From: Larry Masinter <masinter@adobe.com>
Date: Sun, 3 Apr 2011 15:03:56 -0700
To: Adam Barth <ietf@adambarth.com>, "julian.reschke@gmx.de" <julian.reschke@gmx.de>
CC: Larry Masinter <masinter@adobe.com>, Noah Mendelsohn <nrm@arcanedomain.com>, Martin J. Dürst <duerst@it.aoyama.ac.jp>, Ted Hardie <ted.ietf@gmail.com>, Tony Hansen <tony@att.com>, "public-iri@w3.org" <public-iri@w3.org>
Message-ID: <C68CB012D9182D408CED7B884F441D4D05A06574B9@nambxv01a.corp.adobe.com>

I should have been more precise, since I only meant for characters not otherwise allowed in URIs.

This covers:

a) for characters outside 7-bit ASCII range:  scheme definitions MUST NOT distinguish between %-hex-encoded-UTF8 and unicode character 
b) for (ASCII) characters disallowed in URIs:  ...   MUST NOT distinguish ...

For characters allowed in URIs:

c) for (ASCII) unreserved characters allowed in URIs: ... SHOULD NOT distinguish ...
d) for reserved characters not syntactically significant for the scheme: ... MAY distinguish ...
e) for reserved characters when syntactically significant as reserved characters: ... MUST distinguish ...
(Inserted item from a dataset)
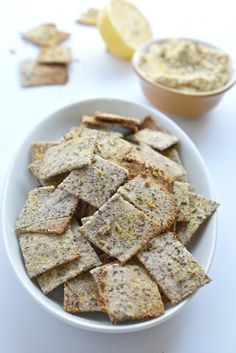 a white bowl filled with crackers next to lemon wedges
-----Original Message-----
From: public-iri-request@w3.org [mailto:public-iri-request@w3.org] On Behalf Of Adam Barth
Sent: Sunday, April 03, 2011 1:28 PM
To: Julian Reschke
Cc: Larry Masinter; Noah Mendelsohn; Martin J. Dürst; Ted Hardie; Tony Hansen; public-iri@w3.org
Subject: Re: scheme-specific length limits (issue 48)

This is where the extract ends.